* What to do *
With the pictures omitted, print exactly the lines below, from the one containing "Kids Round Neck Two-Piece Set" through the one containing "Shuffle Town ( Shuffle", and nothing else.

* Supplied material *
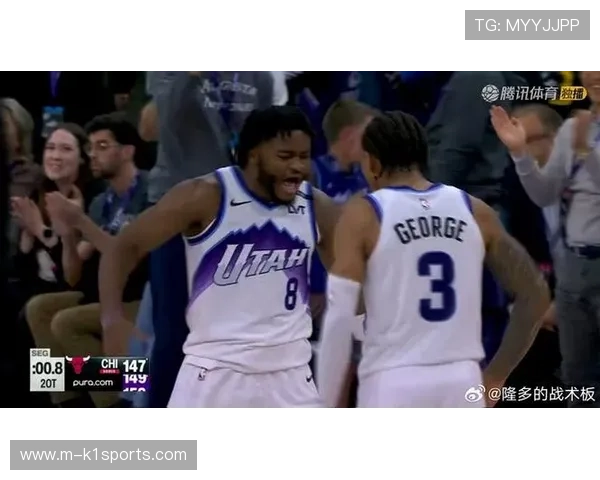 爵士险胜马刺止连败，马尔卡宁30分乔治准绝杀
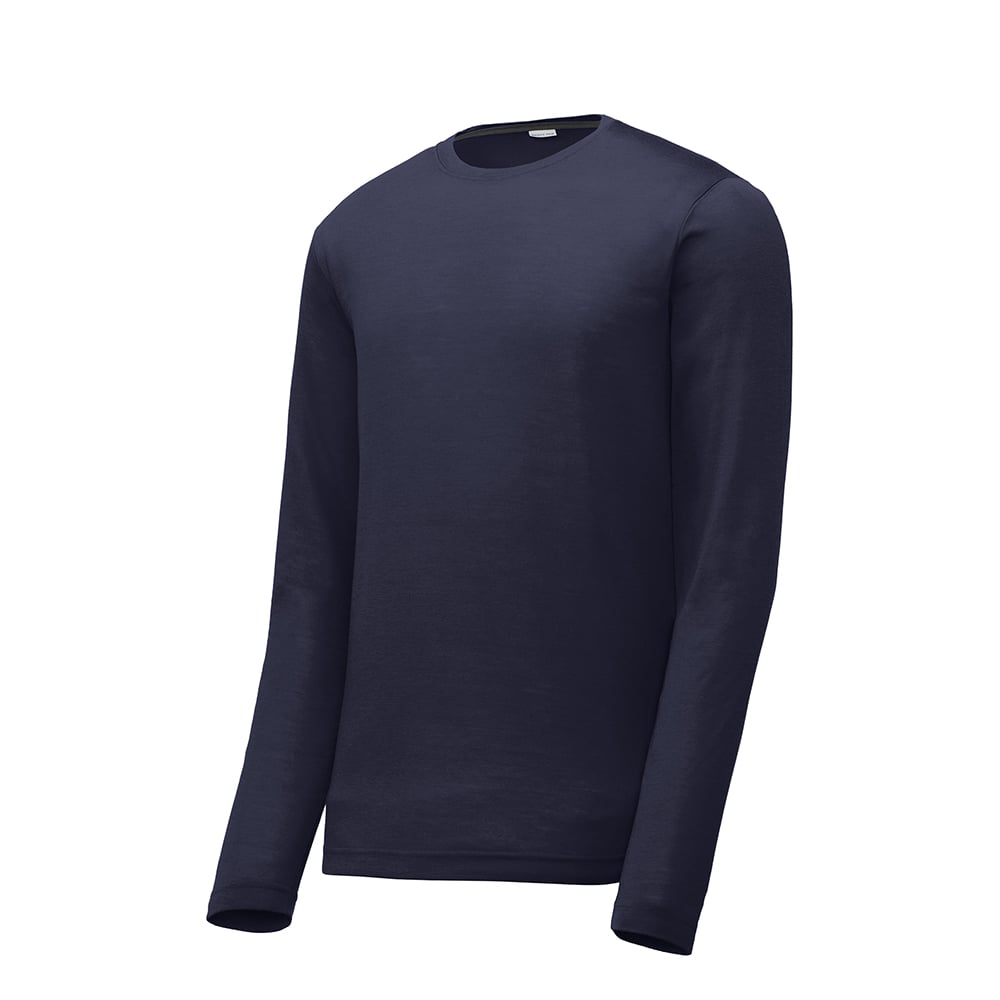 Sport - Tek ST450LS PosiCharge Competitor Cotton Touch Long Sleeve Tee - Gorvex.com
--
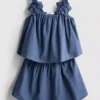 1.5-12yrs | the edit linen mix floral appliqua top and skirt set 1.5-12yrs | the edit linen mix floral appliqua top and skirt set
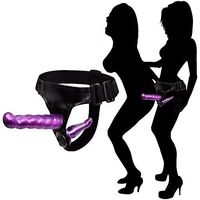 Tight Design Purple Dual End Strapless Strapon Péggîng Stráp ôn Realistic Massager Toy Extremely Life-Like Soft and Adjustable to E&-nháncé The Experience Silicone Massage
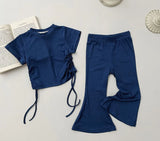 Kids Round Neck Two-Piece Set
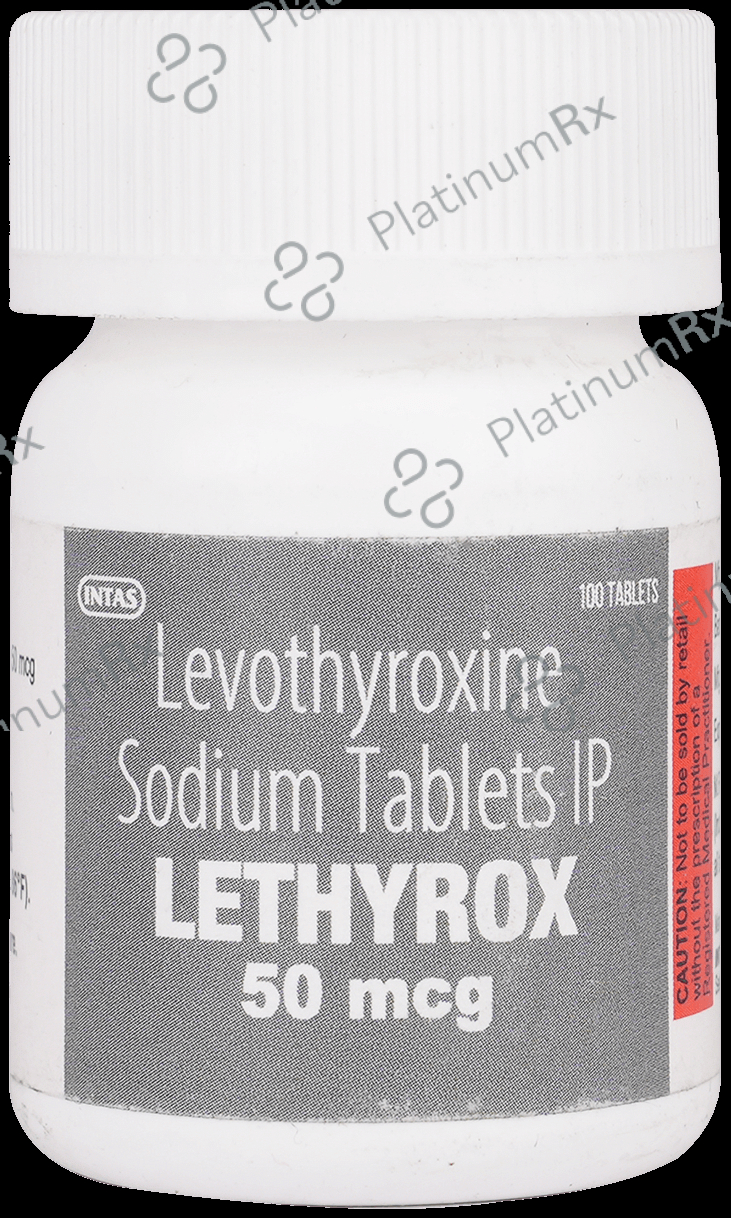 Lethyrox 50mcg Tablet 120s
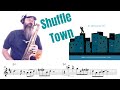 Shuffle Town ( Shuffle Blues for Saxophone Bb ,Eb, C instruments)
...
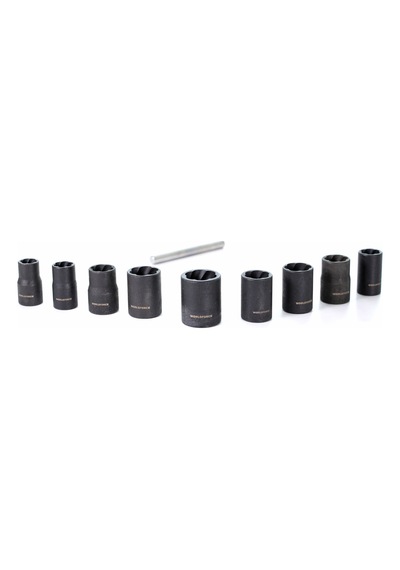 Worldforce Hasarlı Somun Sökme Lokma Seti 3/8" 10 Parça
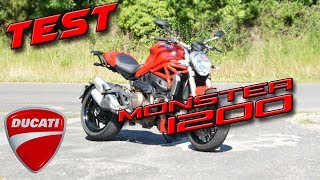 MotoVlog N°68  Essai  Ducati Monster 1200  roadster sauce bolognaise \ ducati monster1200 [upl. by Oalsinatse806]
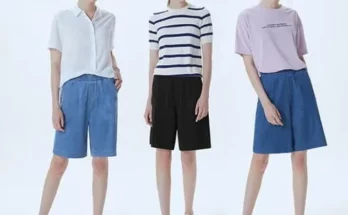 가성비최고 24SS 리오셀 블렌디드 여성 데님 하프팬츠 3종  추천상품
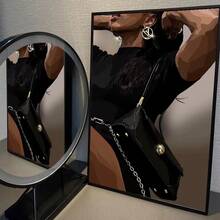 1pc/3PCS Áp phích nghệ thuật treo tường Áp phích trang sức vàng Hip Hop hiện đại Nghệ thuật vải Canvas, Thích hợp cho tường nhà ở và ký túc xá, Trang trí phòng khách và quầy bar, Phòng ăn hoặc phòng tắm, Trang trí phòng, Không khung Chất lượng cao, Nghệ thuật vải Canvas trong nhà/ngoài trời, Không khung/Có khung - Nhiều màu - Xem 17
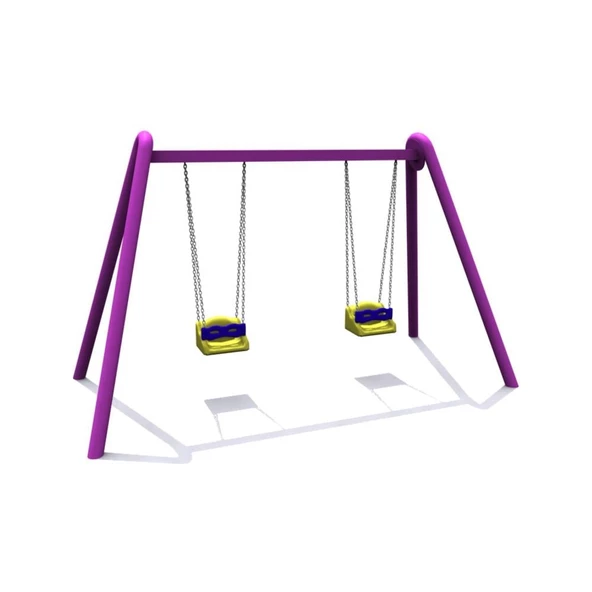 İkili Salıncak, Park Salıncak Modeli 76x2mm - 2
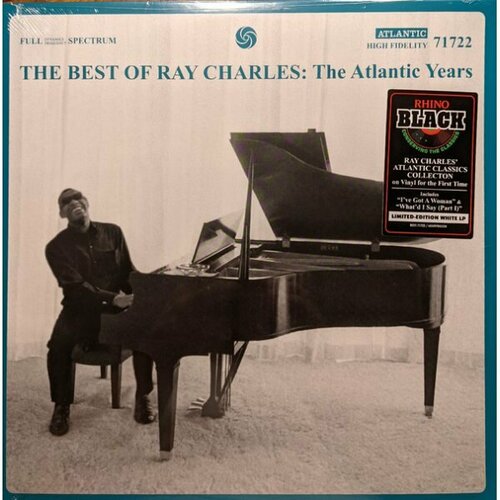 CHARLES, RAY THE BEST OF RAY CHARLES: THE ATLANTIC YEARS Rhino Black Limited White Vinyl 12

* Answer below *
 Kids Round Neck Two-Piece Set
 Lethyrox 50mcg Tablet 120s
 Shuffle Town ( Shuffle Blues for Saxophone Bb ,Eb, C instruments)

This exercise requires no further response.